§ Assignment:
Pull each line containing "vector" out of the listing below.

§ Input data:

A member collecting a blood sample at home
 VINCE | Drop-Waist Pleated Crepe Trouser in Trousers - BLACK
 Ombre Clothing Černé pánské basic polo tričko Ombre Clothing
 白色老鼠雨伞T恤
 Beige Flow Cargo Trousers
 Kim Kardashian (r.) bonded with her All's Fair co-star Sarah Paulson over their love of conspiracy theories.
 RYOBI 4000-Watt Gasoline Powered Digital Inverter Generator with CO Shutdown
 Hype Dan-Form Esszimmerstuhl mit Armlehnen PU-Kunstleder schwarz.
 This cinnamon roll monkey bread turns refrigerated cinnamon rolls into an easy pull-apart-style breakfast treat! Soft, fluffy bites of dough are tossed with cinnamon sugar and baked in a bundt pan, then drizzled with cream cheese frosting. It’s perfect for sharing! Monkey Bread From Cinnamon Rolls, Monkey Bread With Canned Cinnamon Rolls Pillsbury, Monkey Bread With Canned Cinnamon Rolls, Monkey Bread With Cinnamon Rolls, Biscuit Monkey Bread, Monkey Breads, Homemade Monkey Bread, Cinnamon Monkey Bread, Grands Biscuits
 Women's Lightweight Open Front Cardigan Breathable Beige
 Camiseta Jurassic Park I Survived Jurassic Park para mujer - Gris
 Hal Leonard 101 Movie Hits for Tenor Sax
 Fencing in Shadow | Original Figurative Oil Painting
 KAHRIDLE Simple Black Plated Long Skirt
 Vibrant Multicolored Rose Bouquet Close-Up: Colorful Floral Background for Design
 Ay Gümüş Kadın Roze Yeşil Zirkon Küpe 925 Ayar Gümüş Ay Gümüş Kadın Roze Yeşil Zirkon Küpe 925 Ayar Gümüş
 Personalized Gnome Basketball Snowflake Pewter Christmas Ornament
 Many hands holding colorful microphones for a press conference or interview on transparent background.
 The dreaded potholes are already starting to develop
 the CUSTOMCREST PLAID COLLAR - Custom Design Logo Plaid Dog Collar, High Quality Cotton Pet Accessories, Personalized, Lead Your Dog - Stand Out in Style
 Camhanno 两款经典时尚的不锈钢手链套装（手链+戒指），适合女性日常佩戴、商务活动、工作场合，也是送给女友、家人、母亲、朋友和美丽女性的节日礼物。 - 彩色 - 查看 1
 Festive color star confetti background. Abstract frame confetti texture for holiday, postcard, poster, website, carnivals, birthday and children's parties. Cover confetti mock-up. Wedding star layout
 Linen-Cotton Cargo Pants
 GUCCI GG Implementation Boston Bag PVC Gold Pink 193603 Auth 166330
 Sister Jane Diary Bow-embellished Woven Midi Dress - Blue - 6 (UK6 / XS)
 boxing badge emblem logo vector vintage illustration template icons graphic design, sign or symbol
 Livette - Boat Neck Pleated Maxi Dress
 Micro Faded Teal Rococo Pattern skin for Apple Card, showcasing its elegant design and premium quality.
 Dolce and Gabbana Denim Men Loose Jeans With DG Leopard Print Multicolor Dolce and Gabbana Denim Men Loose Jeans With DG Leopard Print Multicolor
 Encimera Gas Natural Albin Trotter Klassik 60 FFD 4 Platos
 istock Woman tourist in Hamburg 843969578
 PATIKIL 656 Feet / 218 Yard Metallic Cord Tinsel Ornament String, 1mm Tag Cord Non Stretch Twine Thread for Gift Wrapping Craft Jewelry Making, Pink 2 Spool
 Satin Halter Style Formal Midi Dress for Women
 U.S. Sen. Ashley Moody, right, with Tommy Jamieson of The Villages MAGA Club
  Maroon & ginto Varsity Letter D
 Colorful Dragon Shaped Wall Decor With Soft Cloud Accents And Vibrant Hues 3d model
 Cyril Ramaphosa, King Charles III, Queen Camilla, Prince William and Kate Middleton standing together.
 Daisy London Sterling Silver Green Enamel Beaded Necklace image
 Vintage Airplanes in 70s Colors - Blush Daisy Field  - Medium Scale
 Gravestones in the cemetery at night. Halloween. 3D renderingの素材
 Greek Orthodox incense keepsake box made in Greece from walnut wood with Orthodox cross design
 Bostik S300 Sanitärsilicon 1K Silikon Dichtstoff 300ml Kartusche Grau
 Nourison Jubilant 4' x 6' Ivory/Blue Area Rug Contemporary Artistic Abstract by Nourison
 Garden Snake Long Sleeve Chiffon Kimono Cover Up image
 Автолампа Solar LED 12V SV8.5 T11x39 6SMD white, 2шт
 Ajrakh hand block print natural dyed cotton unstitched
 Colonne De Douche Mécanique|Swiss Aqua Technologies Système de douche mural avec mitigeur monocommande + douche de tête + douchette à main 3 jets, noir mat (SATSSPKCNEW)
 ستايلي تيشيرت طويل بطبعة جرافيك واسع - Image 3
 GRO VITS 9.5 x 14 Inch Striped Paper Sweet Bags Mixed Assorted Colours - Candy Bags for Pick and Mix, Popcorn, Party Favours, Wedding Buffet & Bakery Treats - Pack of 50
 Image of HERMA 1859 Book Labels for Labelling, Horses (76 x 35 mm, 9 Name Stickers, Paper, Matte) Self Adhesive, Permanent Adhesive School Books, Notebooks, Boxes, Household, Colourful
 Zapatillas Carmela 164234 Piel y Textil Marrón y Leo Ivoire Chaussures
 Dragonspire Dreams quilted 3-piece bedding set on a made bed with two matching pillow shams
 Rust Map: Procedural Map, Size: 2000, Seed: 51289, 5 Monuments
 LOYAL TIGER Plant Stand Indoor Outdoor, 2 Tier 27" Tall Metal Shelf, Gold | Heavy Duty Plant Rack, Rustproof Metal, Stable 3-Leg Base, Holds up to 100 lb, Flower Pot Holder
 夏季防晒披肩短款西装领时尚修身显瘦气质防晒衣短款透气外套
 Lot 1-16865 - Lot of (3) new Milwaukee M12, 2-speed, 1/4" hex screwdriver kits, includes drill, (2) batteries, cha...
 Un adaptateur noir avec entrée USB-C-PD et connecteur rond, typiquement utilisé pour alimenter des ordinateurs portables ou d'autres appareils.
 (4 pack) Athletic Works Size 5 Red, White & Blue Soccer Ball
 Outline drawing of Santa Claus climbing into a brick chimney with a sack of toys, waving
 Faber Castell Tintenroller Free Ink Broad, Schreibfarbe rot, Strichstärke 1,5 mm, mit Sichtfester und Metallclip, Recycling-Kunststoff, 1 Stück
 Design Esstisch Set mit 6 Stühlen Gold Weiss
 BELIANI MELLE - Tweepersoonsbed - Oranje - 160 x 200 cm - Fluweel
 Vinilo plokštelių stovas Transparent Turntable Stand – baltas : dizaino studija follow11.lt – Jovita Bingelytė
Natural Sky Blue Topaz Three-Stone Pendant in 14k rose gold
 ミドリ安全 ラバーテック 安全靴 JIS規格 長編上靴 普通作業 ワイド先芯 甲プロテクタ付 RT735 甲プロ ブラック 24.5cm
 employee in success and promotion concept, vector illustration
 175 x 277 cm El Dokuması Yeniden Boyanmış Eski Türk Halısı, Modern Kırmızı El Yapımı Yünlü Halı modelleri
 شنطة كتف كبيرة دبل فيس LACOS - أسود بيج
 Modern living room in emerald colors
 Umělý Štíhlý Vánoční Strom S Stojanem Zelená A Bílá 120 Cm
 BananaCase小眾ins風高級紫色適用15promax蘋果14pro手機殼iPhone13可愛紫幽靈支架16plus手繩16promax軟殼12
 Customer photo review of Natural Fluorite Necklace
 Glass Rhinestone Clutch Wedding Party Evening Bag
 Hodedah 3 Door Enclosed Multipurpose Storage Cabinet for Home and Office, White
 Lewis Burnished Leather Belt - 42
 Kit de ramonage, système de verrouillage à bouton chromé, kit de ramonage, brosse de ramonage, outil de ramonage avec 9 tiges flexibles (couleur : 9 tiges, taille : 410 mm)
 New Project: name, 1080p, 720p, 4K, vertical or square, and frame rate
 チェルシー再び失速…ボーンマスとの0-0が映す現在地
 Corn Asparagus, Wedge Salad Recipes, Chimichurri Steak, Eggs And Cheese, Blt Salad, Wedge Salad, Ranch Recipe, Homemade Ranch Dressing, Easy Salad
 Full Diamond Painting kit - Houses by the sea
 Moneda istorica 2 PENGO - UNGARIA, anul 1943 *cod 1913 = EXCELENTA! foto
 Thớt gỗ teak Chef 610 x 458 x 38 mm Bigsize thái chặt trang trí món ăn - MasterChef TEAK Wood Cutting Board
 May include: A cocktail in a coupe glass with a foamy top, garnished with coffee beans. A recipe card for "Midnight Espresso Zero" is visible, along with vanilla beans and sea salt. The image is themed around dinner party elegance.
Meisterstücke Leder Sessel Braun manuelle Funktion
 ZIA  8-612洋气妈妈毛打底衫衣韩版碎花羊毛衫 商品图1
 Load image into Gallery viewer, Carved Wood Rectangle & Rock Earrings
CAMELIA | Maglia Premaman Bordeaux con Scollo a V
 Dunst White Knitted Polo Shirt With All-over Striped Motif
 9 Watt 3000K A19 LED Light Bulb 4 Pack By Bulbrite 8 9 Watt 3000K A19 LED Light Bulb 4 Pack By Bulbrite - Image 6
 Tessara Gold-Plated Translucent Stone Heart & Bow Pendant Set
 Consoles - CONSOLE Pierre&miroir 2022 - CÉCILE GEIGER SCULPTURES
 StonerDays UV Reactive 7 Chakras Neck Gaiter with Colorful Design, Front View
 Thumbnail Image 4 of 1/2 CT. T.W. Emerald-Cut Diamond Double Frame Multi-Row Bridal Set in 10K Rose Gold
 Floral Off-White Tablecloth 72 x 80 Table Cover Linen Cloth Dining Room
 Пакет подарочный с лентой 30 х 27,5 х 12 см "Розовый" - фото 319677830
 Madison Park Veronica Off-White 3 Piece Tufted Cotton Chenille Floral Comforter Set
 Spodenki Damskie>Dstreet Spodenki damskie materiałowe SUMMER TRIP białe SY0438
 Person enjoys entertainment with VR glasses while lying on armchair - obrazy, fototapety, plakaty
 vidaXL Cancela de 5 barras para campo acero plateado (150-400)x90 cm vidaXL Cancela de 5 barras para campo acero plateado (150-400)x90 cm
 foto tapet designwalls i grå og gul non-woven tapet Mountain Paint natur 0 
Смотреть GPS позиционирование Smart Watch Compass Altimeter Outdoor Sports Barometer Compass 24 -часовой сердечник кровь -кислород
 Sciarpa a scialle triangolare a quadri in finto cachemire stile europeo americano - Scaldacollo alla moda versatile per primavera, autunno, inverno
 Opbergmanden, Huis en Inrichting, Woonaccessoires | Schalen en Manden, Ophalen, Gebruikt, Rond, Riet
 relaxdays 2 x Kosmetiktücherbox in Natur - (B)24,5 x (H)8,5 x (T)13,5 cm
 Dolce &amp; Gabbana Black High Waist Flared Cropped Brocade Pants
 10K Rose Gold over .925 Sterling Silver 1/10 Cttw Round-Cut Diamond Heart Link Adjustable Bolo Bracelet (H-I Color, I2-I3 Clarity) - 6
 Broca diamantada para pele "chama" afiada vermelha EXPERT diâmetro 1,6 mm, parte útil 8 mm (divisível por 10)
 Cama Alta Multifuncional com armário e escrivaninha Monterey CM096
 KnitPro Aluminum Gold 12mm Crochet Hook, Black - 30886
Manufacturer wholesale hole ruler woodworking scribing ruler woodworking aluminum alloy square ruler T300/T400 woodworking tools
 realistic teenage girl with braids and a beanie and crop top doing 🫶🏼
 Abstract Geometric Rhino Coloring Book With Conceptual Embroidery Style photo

§ Result:
 boxing badge emblem logo vector vintage illustration template icons graphic design, sign or symbol
 employee in success and promotion concept, vector illustration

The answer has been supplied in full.